### DATA PROVIDED
--*--

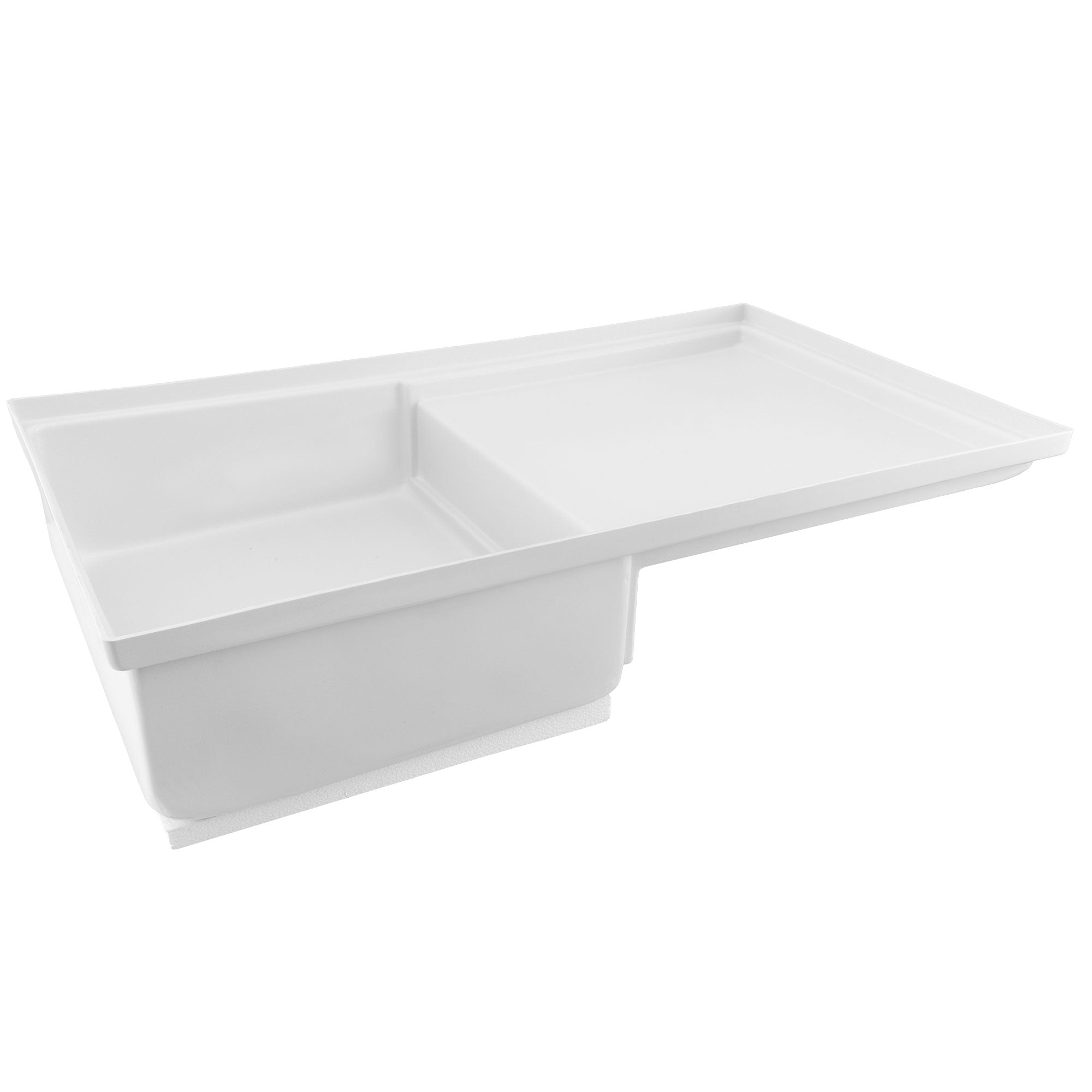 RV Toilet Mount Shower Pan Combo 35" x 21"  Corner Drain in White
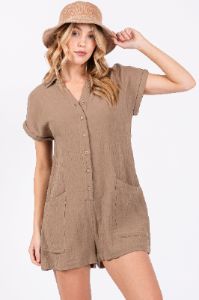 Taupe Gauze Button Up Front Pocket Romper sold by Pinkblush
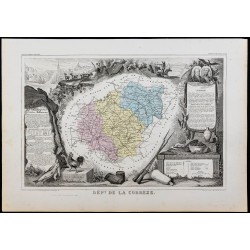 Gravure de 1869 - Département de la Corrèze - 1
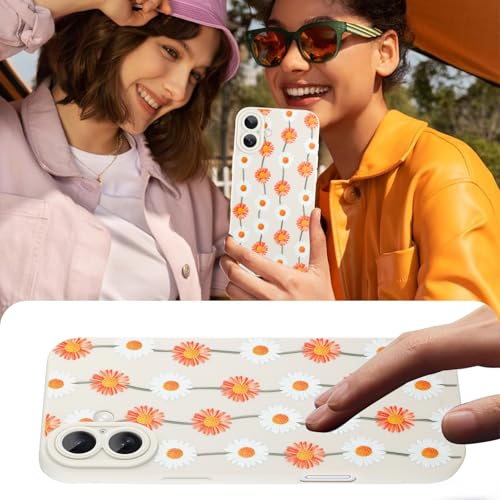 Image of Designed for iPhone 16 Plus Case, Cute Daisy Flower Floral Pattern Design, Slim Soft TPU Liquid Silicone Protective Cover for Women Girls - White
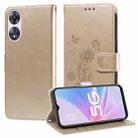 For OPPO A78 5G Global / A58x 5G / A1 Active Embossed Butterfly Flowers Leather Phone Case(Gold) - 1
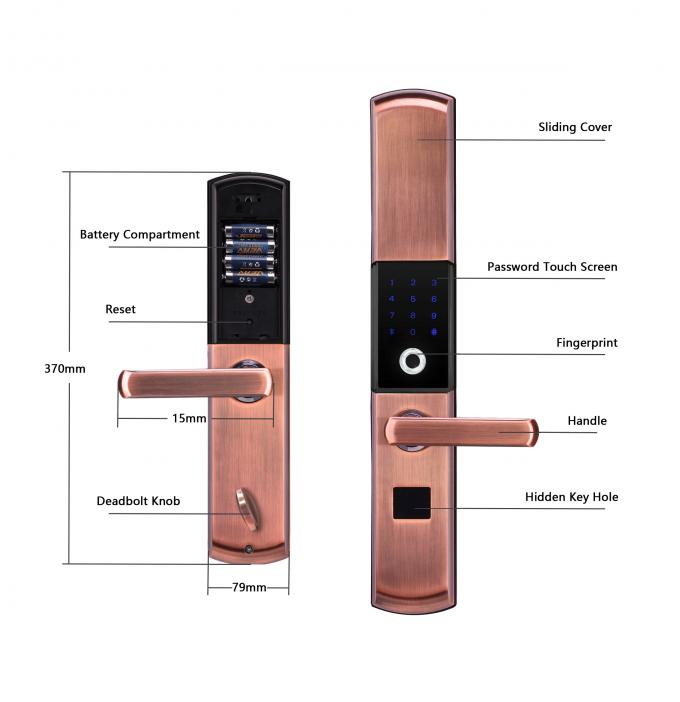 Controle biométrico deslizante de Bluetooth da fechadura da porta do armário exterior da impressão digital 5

--*--

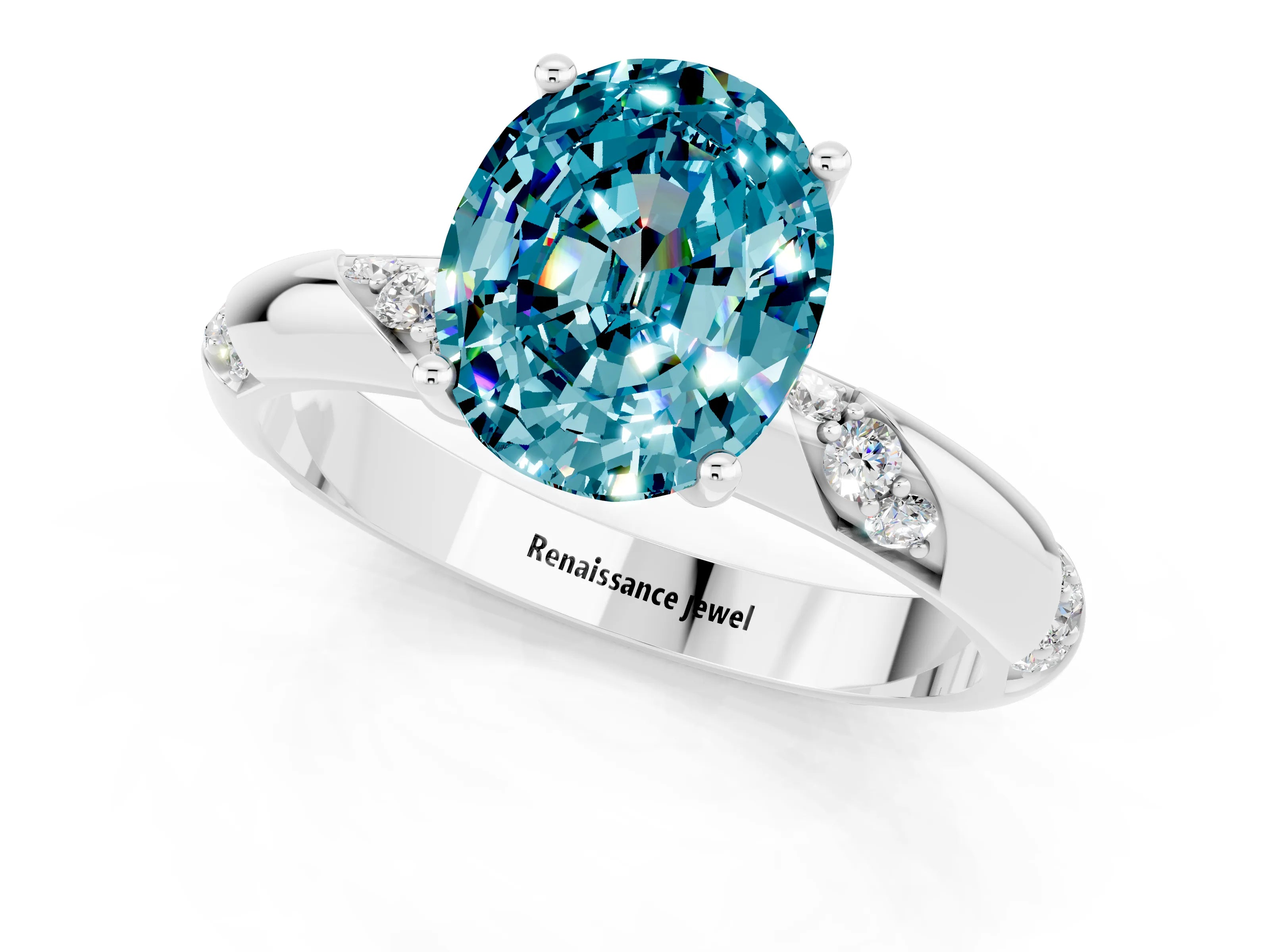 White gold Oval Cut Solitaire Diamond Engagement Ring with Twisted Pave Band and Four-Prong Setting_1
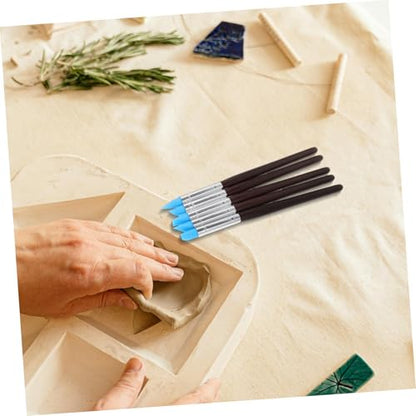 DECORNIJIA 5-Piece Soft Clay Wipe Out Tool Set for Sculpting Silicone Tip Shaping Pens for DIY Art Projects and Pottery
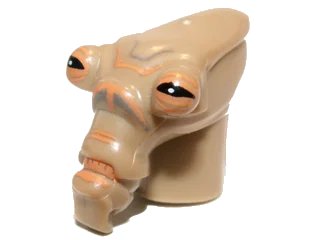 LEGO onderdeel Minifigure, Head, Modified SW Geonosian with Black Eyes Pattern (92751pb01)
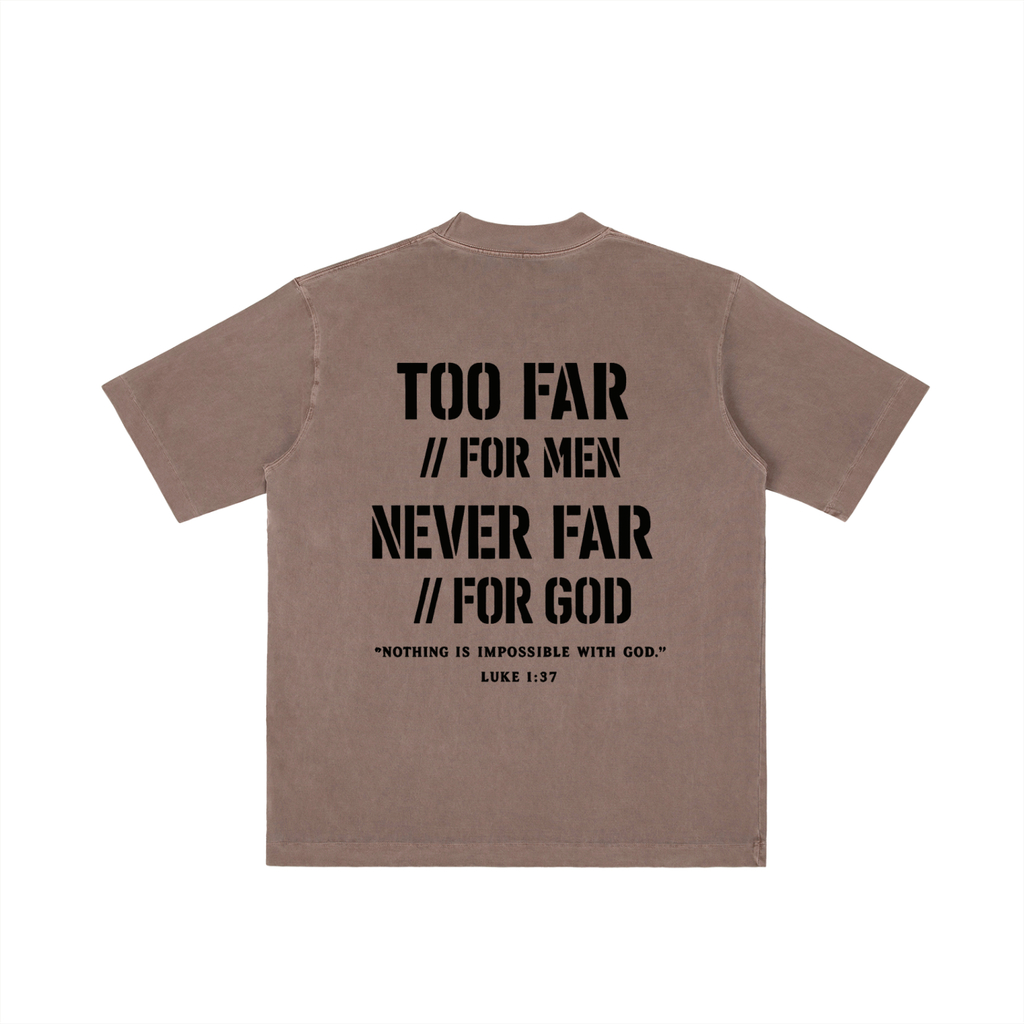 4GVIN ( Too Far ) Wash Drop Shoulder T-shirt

--*--

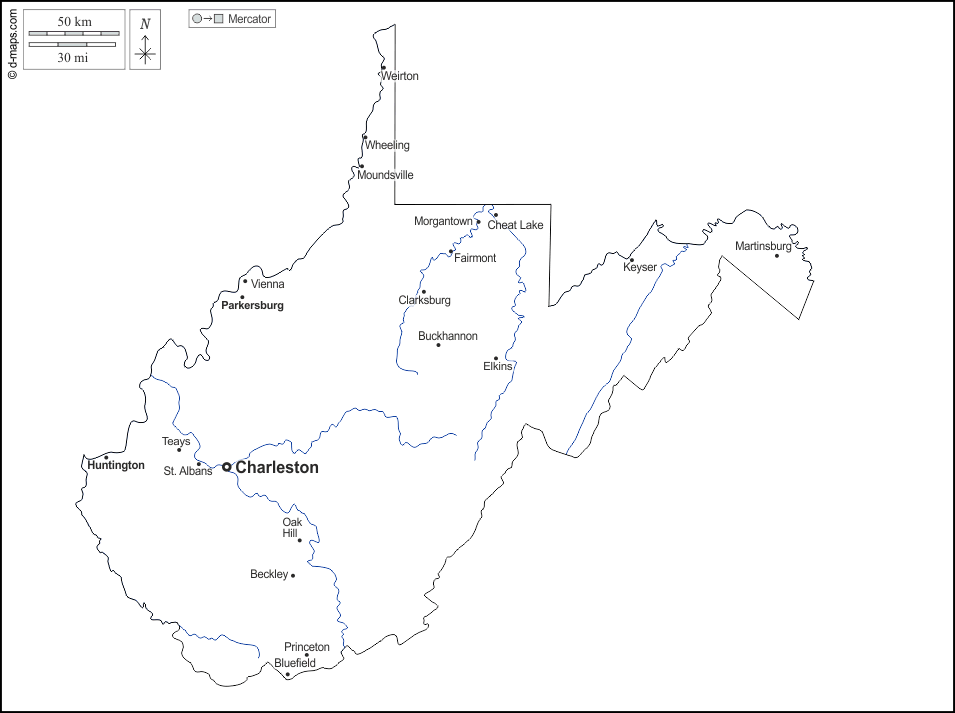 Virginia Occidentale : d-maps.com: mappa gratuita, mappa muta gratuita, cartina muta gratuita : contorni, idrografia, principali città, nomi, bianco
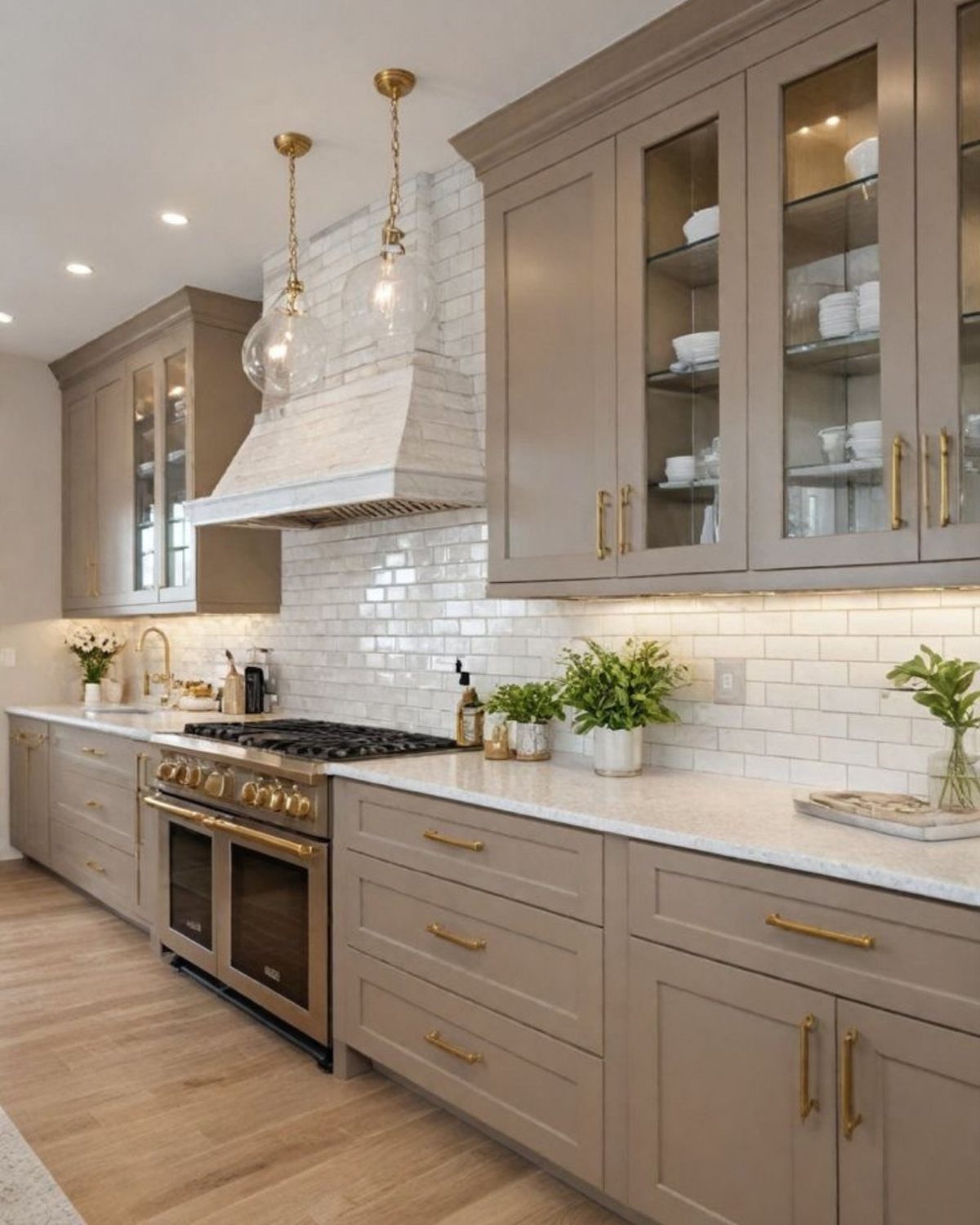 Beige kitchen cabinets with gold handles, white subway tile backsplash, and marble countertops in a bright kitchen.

--*--

### DIRECTIONS
Reproduce the lines above beginning at the line that contains "DECORNIJIA 5-Piece Soft" and ending at the line that contains "4GVIN ( Too Far ) Wash Drop Shoulder T-shirt". No pictures.

### ANSWER SPACE
 DECORNIJIA 5-Piece Soft Clay Wipe Out Tool Set for Sculpting Silicone Tip Shaping Pens for DIY Art Projects and Pottery
 LEGO onderdeel Minifigure, Head, Modified SW Geonosian with Black Eyes Pattern (92751pb01)
 4GVIN ( Too Far ) Wash Drop Shoulder T-shirt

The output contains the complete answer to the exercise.